Well, his people had other things to worry about too. But I noticed in my friend a tendency that I've seen often in other people and that no doubt exists in me as well: the conviction that whatever concerns me most should most concern you. My problem is the problem and why aren't more people doing something about it?
A couple years ago I attended a Christian conference where a well-known speaker told us that the biggest evil facing America was racism. Really? Racism? I would have picked abortion. I am sure that the speaker, a black man, endured racial profiling every time he hailed a cab or stepped into an elevator with a white woman.

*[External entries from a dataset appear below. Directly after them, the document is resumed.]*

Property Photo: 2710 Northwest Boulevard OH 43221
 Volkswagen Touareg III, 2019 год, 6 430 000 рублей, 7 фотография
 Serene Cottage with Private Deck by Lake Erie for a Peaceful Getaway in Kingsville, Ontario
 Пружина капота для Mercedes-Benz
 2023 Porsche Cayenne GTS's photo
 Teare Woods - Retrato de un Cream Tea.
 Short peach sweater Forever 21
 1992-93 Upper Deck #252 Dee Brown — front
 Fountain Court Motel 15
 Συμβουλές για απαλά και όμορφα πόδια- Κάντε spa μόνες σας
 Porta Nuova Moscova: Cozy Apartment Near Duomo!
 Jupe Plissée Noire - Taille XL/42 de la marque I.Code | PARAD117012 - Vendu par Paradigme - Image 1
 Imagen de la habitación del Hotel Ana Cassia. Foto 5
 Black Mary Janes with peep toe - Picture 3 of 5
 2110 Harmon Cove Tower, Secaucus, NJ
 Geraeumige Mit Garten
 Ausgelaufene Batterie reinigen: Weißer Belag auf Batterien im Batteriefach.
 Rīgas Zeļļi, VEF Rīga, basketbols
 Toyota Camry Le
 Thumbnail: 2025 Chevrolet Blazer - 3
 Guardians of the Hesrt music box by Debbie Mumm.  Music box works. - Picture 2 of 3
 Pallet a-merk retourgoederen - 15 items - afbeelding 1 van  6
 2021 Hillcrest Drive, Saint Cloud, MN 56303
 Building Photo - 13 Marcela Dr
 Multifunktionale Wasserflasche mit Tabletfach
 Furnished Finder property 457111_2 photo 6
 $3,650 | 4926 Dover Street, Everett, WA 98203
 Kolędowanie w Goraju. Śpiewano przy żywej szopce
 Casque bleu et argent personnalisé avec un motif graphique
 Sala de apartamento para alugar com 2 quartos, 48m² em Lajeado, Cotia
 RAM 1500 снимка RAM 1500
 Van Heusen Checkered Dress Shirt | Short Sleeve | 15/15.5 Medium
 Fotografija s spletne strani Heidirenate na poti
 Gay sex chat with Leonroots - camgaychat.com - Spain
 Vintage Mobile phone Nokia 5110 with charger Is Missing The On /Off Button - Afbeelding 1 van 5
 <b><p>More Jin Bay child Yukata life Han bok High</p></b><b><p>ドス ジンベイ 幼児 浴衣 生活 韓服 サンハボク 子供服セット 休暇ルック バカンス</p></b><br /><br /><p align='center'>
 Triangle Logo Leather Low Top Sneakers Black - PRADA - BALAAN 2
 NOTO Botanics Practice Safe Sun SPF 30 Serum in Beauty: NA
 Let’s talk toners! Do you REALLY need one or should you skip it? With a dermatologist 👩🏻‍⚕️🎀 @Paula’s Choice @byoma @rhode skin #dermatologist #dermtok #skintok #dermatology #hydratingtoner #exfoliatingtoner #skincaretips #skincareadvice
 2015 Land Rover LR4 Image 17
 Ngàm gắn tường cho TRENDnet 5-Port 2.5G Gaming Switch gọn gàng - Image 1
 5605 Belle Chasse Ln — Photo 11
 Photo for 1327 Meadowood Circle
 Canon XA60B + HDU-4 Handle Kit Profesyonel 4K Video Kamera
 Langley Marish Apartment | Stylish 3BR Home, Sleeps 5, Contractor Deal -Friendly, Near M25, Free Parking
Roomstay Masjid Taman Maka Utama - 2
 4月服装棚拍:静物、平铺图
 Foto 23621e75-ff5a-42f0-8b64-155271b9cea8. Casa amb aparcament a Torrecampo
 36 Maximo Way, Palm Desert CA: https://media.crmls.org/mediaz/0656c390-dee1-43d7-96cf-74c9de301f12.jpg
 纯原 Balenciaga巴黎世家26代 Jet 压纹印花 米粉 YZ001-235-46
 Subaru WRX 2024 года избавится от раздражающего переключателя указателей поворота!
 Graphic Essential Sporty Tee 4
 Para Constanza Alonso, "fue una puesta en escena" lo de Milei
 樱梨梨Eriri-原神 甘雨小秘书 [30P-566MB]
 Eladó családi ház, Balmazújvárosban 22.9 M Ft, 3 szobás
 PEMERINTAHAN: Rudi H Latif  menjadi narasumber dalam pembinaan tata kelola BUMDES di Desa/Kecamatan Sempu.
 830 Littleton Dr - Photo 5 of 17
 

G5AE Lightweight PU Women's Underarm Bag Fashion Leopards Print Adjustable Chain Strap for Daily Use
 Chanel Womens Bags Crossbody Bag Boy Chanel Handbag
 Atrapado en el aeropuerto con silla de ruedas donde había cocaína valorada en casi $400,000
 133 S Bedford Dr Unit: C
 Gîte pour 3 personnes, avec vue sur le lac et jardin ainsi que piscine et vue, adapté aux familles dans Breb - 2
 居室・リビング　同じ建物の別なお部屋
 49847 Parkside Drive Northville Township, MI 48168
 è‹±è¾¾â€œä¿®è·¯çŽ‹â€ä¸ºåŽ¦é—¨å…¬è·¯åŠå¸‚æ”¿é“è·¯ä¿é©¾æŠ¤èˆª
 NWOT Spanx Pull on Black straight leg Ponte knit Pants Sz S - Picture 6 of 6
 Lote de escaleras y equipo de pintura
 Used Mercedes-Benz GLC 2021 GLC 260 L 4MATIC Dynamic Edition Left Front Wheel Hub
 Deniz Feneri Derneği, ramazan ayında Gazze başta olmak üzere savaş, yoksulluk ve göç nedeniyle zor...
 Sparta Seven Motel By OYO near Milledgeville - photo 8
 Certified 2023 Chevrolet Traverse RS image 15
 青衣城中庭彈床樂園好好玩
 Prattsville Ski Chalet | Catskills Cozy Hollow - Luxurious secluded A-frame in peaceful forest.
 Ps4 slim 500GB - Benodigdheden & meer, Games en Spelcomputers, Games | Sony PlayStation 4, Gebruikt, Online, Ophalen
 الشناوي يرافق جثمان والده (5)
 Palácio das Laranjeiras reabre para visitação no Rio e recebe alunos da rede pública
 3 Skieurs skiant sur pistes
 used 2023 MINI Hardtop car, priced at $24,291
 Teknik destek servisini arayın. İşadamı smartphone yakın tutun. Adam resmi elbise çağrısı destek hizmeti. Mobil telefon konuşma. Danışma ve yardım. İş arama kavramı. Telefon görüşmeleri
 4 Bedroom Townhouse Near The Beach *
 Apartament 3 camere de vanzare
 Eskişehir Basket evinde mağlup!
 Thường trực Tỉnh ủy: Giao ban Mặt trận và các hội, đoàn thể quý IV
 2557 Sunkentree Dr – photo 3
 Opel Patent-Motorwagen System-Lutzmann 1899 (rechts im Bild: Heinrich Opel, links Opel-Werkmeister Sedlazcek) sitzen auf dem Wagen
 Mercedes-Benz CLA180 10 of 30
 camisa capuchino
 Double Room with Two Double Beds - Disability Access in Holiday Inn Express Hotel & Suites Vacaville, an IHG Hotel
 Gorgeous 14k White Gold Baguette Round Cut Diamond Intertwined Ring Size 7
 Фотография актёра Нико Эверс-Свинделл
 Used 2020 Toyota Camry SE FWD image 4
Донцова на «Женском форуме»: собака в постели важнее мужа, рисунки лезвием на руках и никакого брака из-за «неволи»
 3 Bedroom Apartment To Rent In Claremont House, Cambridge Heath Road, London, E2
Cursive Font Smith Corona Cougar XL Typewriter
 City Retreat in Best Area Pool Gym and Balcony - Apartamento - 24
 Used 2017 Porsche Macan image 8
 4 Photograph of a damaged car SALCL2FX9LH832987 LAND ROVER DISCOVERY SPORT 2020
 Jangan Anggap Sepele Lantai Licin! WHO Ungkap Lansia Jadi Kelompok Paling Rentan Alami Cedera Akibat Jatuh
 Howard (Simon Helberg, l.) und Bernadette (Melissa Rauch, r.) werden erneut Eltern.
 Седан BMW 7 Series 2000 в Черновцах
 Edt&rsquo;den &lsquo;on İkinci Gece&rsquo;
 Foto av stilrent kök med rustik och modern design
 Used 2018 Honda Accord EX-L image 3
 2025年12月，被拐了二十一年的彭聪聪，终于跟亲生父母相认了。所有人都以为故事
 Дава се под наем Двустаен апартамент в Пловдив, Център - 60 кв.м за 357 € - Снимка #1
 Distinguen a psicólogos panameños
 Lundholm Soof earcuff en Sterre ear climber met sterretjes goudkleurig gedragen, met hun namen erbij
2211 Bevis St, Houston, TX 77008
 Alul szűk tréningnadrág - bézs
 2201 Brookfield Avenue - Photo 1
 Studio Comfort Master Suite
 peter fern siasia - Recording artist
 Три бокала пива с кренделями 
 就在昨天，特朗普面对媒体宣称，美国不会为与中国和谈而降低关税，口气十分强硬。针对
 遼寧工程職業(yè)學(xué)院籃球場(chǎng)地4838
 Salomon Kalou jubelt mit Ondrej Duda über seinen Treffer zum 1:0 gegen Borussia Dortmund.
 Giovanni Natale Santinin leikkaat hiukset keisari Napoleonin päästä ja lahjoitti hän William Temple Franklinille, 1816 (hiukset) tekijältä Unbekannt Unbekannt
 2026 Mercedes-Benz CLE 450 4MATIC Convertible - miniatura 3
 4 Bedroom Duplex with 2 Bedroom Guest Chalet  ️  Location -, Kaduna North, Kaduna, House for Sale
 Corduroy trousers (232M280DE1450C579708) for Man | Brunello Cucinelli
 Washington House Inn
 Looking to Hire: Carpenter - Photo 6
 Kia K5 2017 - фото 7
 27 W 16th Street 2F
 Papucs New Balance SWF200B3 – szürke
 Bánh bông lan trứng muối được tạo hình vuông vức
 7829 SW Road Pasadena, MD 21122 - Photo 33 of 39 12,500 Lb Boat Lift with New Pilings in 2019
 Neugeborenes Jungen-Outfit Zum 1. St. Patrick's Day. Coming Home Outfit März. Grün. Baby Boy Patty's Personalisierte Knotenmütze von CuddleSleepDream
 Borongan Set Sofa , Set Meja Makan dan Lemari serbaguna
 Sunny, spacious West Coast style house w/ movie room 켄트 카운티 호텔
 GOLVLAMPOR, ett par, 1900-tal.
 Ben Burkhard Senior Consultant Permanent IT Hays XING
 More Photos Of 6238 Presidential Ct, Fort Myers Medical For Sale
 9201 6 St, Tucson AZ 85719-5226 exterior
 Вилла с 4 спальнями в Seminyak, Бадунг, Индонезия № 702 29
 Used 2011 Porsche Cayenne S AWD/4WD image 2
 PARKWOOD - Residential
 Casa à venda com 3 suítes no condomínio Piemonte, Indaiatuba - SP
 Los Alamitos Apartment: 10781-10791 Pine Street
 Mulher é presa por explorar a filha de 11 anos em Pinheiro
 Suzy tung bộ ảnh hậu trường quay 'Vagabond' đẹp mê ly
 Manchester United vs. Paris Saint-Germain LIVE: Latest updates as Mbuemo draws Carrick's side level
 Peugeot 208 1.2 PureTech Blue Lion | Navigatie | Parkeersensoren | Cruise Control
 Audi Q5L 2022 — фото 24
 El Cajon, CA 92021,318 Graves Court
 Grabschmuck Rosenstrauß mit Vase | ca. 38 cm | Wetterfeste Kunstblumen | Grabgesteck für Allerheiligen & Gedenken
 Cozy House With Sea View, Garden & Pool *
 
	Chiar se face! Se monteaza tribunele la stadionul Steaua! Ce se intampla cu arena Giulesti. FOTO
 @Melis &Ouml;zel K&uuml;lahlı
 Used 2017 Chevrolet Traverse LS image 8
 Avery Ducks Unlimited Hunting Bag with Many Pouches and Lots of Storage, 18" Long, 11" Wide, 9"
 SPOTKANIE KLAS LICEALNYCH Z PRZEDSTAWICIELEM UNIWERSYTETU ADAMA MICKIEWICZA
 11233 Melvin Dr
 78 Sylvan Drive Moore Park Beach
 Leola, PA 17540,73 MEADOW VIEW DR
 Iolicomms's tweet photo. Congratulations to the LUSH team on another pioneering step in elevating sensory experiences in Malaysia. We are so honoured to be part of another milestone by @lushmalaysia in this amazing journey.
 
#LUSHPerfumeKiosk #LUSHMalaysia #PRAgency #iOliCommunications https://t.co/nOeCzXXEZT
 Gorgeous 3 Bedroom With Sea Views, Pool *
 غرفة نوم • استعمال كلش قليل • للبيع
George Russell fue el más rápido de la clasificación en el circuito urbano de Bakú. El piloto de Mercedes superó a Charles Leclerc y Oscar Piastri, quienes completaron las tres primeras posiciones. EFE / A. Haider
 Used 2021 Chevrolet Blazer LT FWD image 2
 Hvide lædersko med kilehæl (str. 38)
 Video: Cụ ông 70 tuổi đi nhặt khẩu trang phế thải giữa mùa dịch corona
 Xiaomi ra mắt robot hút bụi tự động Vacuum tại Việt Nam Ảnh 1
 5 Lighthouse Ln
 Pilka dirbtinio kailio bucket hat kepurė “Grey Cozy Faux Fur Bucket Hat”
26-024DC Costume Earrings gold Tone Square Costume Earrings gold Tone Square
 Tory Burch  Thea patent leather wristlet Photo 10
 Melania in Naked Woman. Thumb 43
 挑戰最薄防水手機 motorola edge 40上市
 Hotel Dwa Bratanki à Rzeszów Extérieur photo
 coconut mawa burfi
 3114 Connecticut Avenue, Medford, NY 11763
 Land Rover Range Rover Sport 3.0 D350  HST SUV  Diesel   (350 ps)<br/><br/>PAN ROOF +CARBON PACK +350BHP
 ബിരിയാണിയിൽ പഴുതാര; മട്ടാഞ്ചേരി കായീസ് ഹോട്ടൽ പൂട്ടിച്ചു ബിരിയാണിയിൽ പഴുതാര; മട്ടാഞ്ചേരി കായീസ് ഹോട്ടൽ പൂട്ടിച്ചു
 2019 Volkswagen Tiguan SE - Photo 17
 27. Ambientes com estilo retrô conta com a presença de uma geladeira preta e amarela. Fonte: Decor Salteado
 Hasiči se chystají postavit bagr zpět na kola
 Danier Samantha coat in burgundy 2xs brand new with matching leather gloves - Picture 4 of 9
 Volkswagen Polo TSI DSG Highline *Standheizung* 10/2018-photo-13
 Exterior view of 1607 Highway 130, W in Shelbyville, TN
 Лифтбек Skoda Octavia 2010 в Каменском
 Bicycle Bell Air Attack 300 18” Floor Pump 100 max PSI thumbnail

That's a
bad break, I know, but when it comes to a hierarchy of moral outrages in America, the simple fact is that we haven't killed tens of millions of blacks lately - we've killed tens of millions of babies. That's worse.
My favorite answer to the question "What is wrong with the world?" comes from G. K. Chesterton, who responded simply, "I am." "I" is the person whose bad behavior I must labor to find most troubling. The biggest problem in the world today is neither Muslim terrorism nor third world debt nor abortion nor racism nor jealousy, but my sin.
The Bible says, "Each of you should look not only to your own interests, but also to the interests of others" (Philippians 2:4). Your issue is not the world's biggest issue. Other people have problems too, and they're as urgent or more urgent than yours. Worry about their problems. And when it comes to yourself, the biggest thing
you really have to worry about is your own sin.